[Recorded data — start]

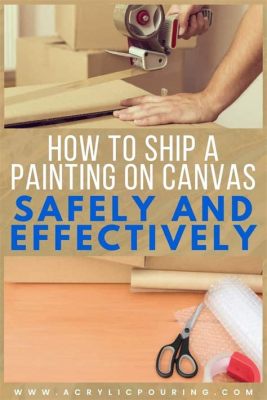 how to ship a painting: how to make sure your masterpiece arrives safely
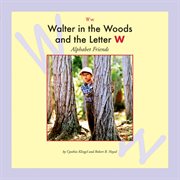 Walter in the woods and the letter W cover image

[Recorded data — finish]
[Recorded data — start]

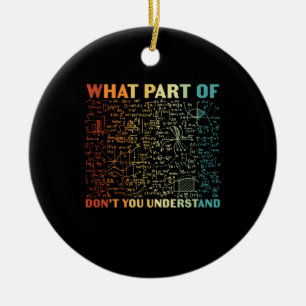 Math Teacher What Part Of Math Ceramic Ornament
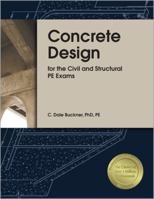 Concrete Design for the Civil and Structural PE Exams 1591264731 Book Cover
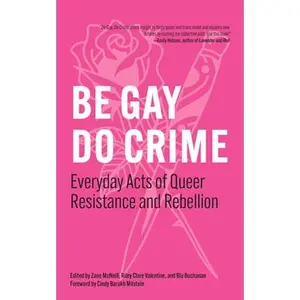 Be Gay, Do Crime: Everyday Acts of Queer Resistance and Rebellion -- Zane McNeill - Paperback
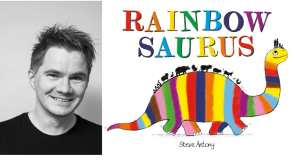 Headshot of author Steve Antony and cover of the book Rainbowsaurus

[Recorded data — finish]

**Goal of the exercise:** Begin at the line in the entries above that has "Be Gay, Do Crime: Everyday", stop after the line that has "Headshot of author", and output exactly those lines without pictures.

**Result below:**
 Be Gay, Do Crime: Everyday Acts of Queer Resistance and Rebellion -- Zane McNeill - Paperback
 Headshot of author Steve Antony and cover of the book Rainbowsaurus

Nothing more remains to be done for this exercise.